Debating what the true source of a river seems like it could be mildly
important, but it's not much more important than determining whether height or
weight is the more important criteria for determining the worlds largest ball
of twine.

Someone told me that the many of the confounding and illogical human behaviors
can basically be understood as tribalism being expressed in a modern context.
Ever since then I've seen tribalism everywhere. And not only are there tribes,
but those tribes have sub-tribes.

One of the things I really like about the internet is that it can allow us to
concentrate on things that we actually care about, rather than getting caught
up on stupid things like where somebody lives, or what they look like.
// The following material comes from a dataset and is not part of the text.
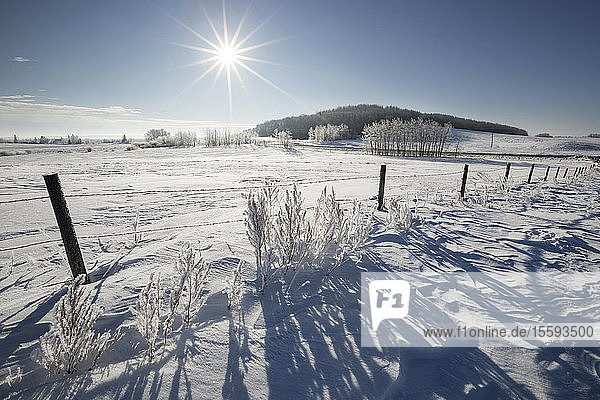 Raureif auf Bäumen um ein schneebedecktes Feld mit blauem Himmel und Sonnenstrahlen  in der Nähe von Winnipeg; Manitoba  Kanada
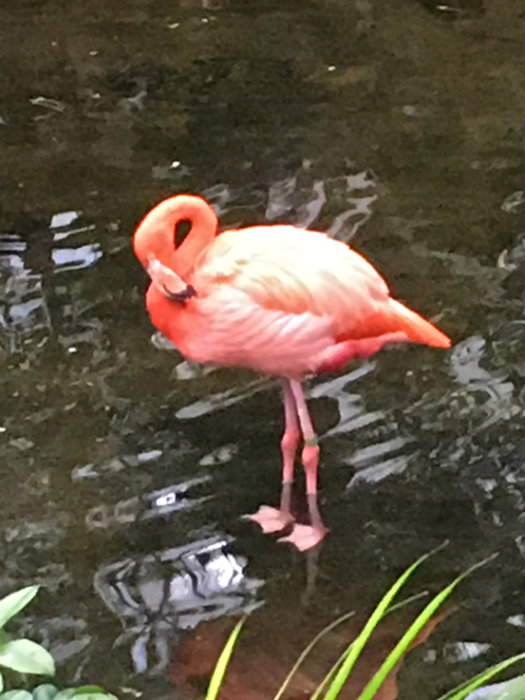 National Aviary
We
still have our prejudices and tribes (VIM vs EMACS, Apple vs PC), happens, but
when it comes down to it, he have an unprecedented ability to connect with
other people and form positive communities that advance the world as a whole.

------
blacksmith_tb
The article's title is a sly joke, the 'water margin' is the land of outlaws
(popular in martial arts novels and films), harking back to Shui Hu Zhuan[1]
which is fairly well known in English from Pearl S. Buck's translation, _All
Men Are Brothers_

1:
[https://en.wikipedia.org/wiki/Water_Margin](https://en.wikipedia.org/wiki/Water_Margin)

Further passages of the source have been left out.